It was just a joke. People joke that there are only two ways to change Bulgaria. Terminal one and terminal two. That’s where I got the idea from. There have been three waves of mass emigration. The first was after the changes in 1989. The second was in 1999-2000. That’s when my mother went to France. And now in the last 2 years, another wave has been developing.
If these people come back, do you think they will change things?
There are two models. The first group was the young people who came with the Tsar’s party with some western knowledge. They promoted themselves as young qualified Bulgarians coming to help. Then there was the other Bulgarians who came back and were just disappointed. Either way, I don’t see outside people coming back and changing things.
You’re still here. Why didn’t you go to Terminal One or Terminal Two?
I’ve been there. And I came back. I’m party of this second group of disappointed people.
You could leave again.
I came back for personal reasons. And then I just stayed. Inertia. But the prospect of emigration is always valid.
There’s no positive reason for you to stay?
Maybe something will change and I can help. It’s a minor possibility — nearing zero in probability!
What is your feeling about the prospects of the new Left here in Bulgaria?
The new Left has a hard time and will continue to have a hard time because of this perception that it’s associated with the past. It’s very hard for the new Left to introduce any perspectives. I hope this is not the case but the traditional Left in the form of the BSP may try to coopt this movement.
Some people have told me that 15-20 percent of the population supports Ataka policies even if its vote count fluctuates. There’s an even larger number that supports a softer extreme nationalism. What do you think?

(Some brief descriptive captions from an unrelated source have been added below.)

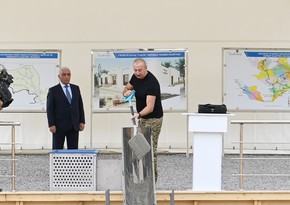 Президент Азербайджана заложил фундамент узловой подстанции Лачын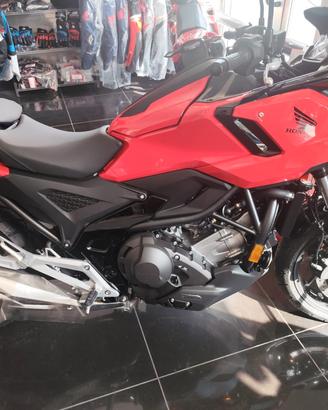 Honda NC 750 X DCT 2026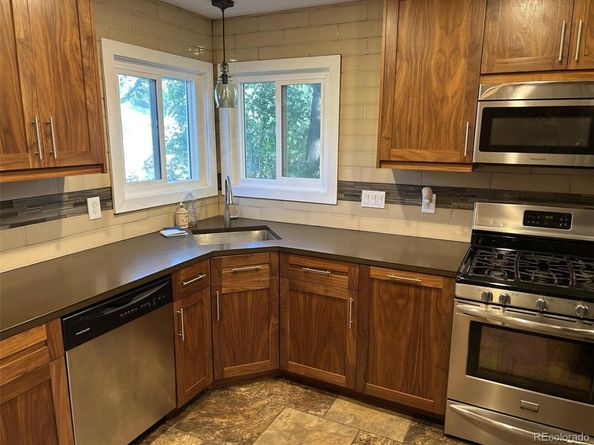 1207 Joliet Street, Aurora CO 80010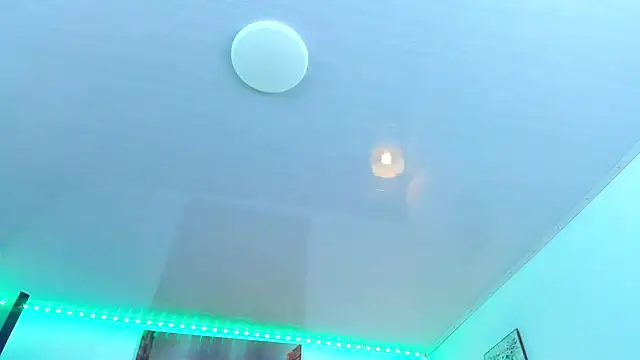 Snapshot of Camila_Coxx chatting on 01-15-25, 02:24 Camila Coxx online show from 01-15-25, 02:24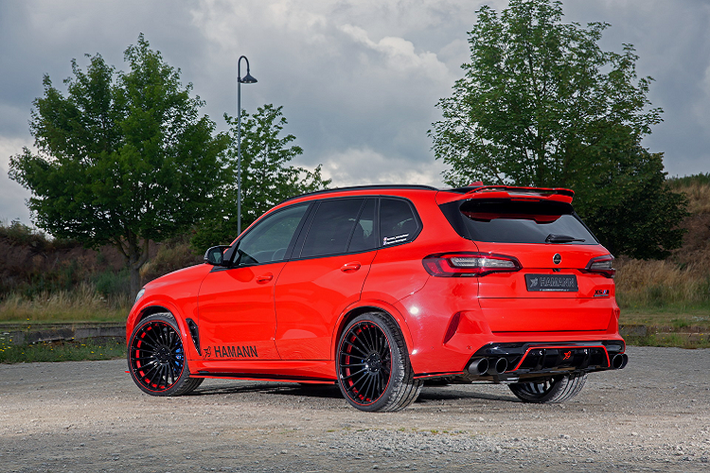 Ở phần cản trước, hãng độ nâng cấp cho xe BMW X5 M Competition độ The Big Red bộ chia phía trước thể thao với các cửa hút gió giả tích hợp, từ đây giúp mẫu xe trông hầm hố hơn. Các phần bậc cửa bên cũng được mở rộng, cản sau cũng được nâng cấp với thiết kế mới ấn tượng hơn.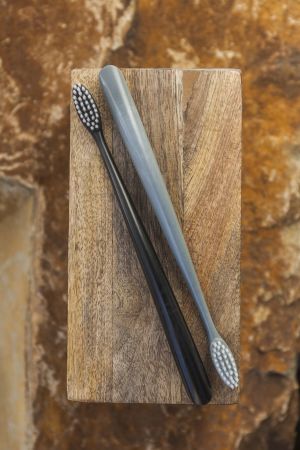 THE NATURAL FAMILY CO Biodegradowalne szczoteczki do zębów, 2szt., soft, Pirate Black i Monsoon Mist 4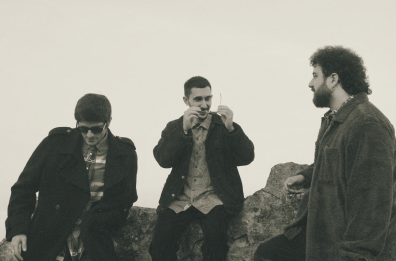 Red Red Flamingo debutta con &laquo;Sugarland&raquo;: un viaggio sonoro tra Sixties, britpop e immaginari cinematografici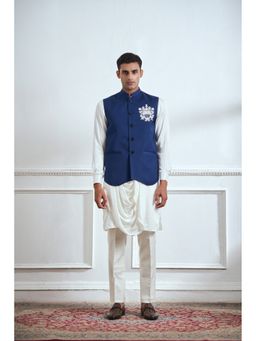 TAJIRI - Ivory White Cotton Thread Work Kurta with Pant and Jacket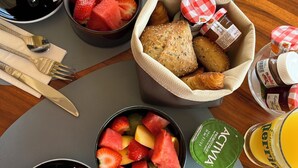 Deluxe Suite, Balcony, City View | In-room dining - Rollin hôtel (Montpellier)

I think that the core supporters of these extreme nationalists are really marginal. But as you said, the support for this soft nationalism is much larger. What concerns me is that not many politicians or other people address the problems that these supporters of soft nationalism are worried about. It’s a mistake to leave these problems to nationalist parties and organizations. Whether it’s the new Left or the organized parties, someone has to address these concerns or these people will turn to rightwing parties. But I don’t see this happening.